What do you think of this approach to solving mixture algebra problems?

There is a category of algebra problem that involves combining two rates to get a third rate. It might involve mixing chemicals with different concentrations or selling two products with different prices or traveling at two different speeds.

There is a single equation involving weighted average that can be used to solve these problems. Let me show the steps to get to this equation. It may look a little scary at first, but what we end up with is very simple.

Suppose we want to solve a problem involving traveling at two different speeds v1 and v2 for corresponding times t1 and t2 for total distance of d.

We have v1 t1 + v2 t2 = d.
Divide both sides by t1 + t2.
t1/(t1+t2) v1 + t2/(t1+t2) v2=d/(t1+t2)

Setting t1/(t1+t2) = w1 and t2/(t1+t2) to w2, we get the universally applicable equation of:
w1 v1 + w2 v2 = v3.
w1 and w2 are two weighting factors representing the portion of the total time traveling at the two speeds. w1 and w2 are fractions between 0 and 1 which add to 1. v3 is just the average overall speed.

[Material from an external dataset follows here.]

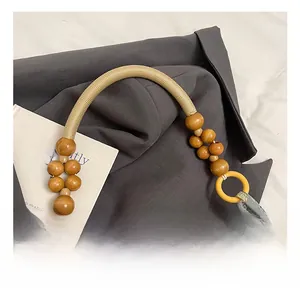 Detail of woven rope handle with brown wooden beads and bird pattern fabric on handbag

We can generalize the equation to:
w1 r1 + w2 r2 = r3 where the r terms stand for rates. Using the fact that w1 + w2 = 1, we can write this using one variable.
w1 r1 + (1-w1)r2 = r3

Here is a video from Khan Academy that shows the standard way of solving a rate problem.

Here is my approach.
We have solutions of 25% concentration and 10% concentration being combined to give a 15% solution.
We get
.25 w + .1(1 – w) = .15
.25w – .1 w + .1 = .15
.15w = .05
w = ⅓
The 25% solution is ⅓ of the total. Since there are 50 ounces of it, the total is 50 / (⅓) = 150 ounces and there are 150 – 50 = 100 ounces of the 10% solution.

Another way of finishing the problem is to say that since the 25% solution is ⅓ of the total, the 10% solution is ⅔ of the total. There is therefore (⅔) / (⅓) * 50 ounces = 100 ounces.